Qui donc, au juste, comprenait Racine ?

Chaque fois que je lis du Racine, je suis taraudé par la question du public de l'époque : comment faisait-il donc pour comprendre l'intrigue ? Par quel miracle pouvait-il saisir, en temps réel, la signification de ces vers extrêmement denses, saturés de métaphores et de références mythologiques ? Baignait-il vraiment dans une culture antique qui le préparait à ce genre de pièces ? Avait-il eu vent de l'intrigue avant la représentation ? Etait-il si raffiné, si cultivé ? Ou bien venait-il au théâtre, au fond, surtout pour se faire voir...

lundi 20 avril 2015

"Des procès en sorcellerie défiant toute cohérence".

Un message de lecteur.

Bonjour Aymeric

Mon nom est (...). A la foire du livre de Limoges, je vous ai acheté un livre "Les petits Blancs", nous avons évoqué les "tabous" actuels et nous avons convenu qu'après lecture, je vous donnerais un avis.

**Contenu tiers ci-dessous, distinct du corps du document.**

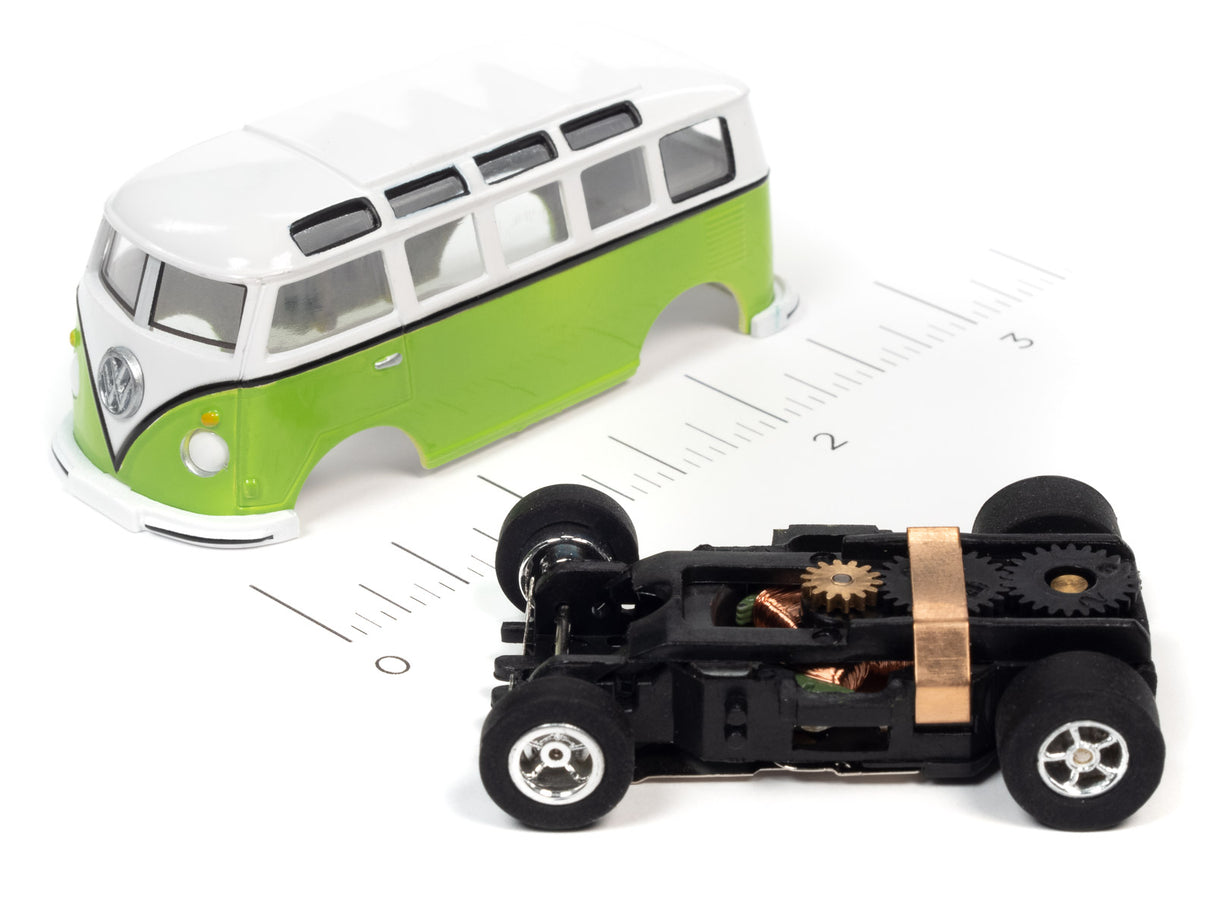 Green and white school bus toy next to a black toy car for Auto World SC368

Globalement, la lecture est agréable, alors que le sujet n'est pas de ceux qu'on cherche puisqu'il préconditionné par des procès en sorcellerie défiant toute cohérence. Et quand on évoque le racisme, le niveau d'instruction ne se rapproche ni de la Raison, ni de l'esprit scientifique, ni de l'humanisme.

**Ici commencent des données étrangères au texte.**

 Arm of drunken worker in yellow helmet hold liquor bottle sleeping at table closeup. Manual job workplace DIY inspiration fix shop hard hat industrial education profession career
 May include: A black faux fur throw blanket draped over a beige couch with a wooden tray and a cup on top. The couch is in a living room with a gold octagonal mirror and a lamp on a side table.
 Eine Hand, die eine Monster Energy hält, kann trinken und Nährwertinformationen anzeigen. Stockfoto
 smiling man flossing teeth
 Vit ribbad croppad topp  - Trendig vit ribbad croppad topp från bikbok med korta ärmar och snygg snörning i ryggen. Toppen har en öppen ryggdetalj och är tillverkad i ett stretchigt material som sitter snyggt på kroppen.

A mes yeux, ce livre indique déjà clairement votre générosité, ce qui n'est pas si courant aujourd'hui, non qu'elle soit rare. Mais il faut du courage et une véritable empathie pour aller chercher, dans les multiples portraits que vous proposez, ce qui reste de sens à la vie de chacun, puis relier ces diverses expériences pour tenter de comprendre quelque chose qui serait à comprendre entre politique, pauvreté, couleur de peau, racisme, et pire, misère morale et tristesse, voire angoisses profondes et justifications de la violence.

Il est déjà important de dire que les rencontres que vous avez faites pour nous (pour moi), sont un vrai cadeau que j'ai apprécié, puisque c'est précisément le type de rencontres qu'on fait peu. Celles qu'on fait, on ne les approfondit que rarement. Et quand on les approfondit, elles gardent un caractère isolé qui n'apporte pas cette excellente variété de situations que vous avez su juxtaposer. Ainsi, on ne peut se défiler devant une réalité produite en série par notre société et dont les différences apparentes ne proviennent que des personnalités, des circonstances et d'un hasard débridé.

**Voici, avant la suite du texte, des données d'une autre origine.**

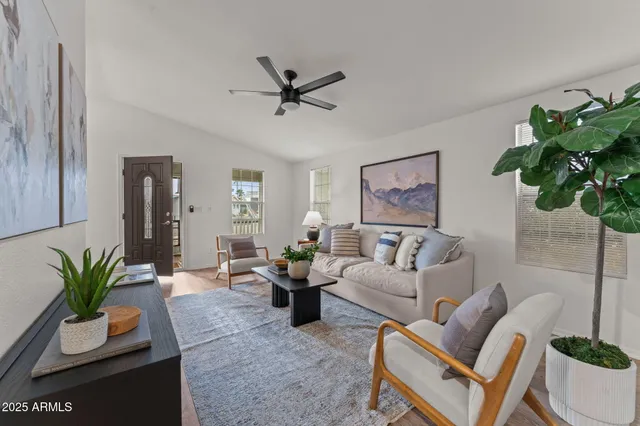 a living room with furniture potted plant and a window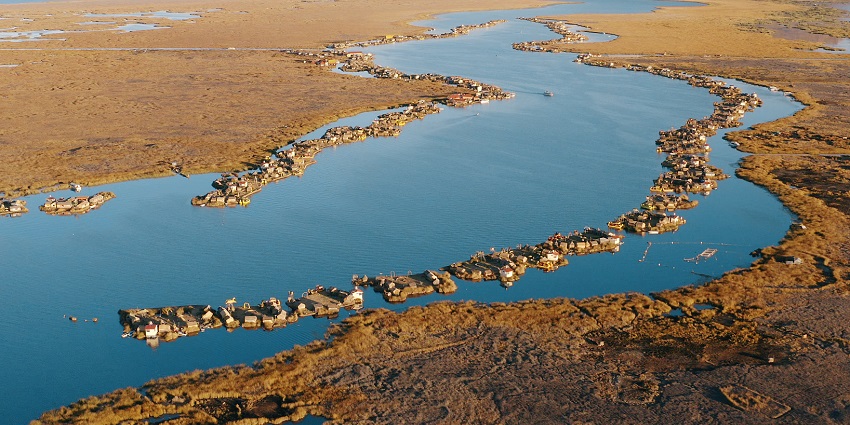 Reed-made floating islands with traditional Uros houses and boats, among the best islands in Peru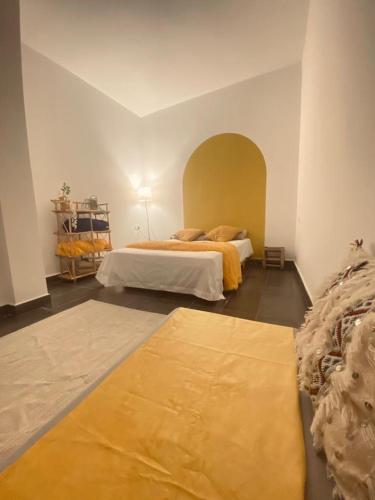 a bedroom with two beds in a room at Med tangier apartment -tanger med port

Vous exprimez clairement les sentiments et ressentiments de ceux qui se retrouvent sans avenir à construire puisque tout leur échappe. Les décisionnaires sont loin d'eux, tellement loin qu'à l'évidence ils n'habitent pas le même pays et ne font pas partie de la même communauté!

La partie que vous avez étudiée est bien analysée et les idées que vous proposez ont toujours de l'intérêt. Elles méritent d'être dites. Cependant, je ne suis pas sûr de comprendre l'objectif de votre livre. C'est le constat de situations humaines, avec des ressentis qui n'ont rien de réjouissants et je ne vois pas de causes, donc pas de solutions et pas d'espoirs.

Ce qui m'a posé problème, c'est ce vous écrivez à propos de votre idéal familial "principes rigides, finalement mortifères...", "je ne suis pas loin d'être un déclassé" et autres doutes que je n'étais pas sûr de comprendre... Et puis voilà que vous écrivez quelque chose qui me touche et m'intéresse et m'éclaire: "il existe un grand nombre de personnes qui dressent une barrière de feu entre elles et ces miséreux, les méprisant avec un sens redoutable de la bonne conscience .... Ils se considèrent comme distincts, exprimant leur opinion avec une brutalité, une candeur confinant au racisme...".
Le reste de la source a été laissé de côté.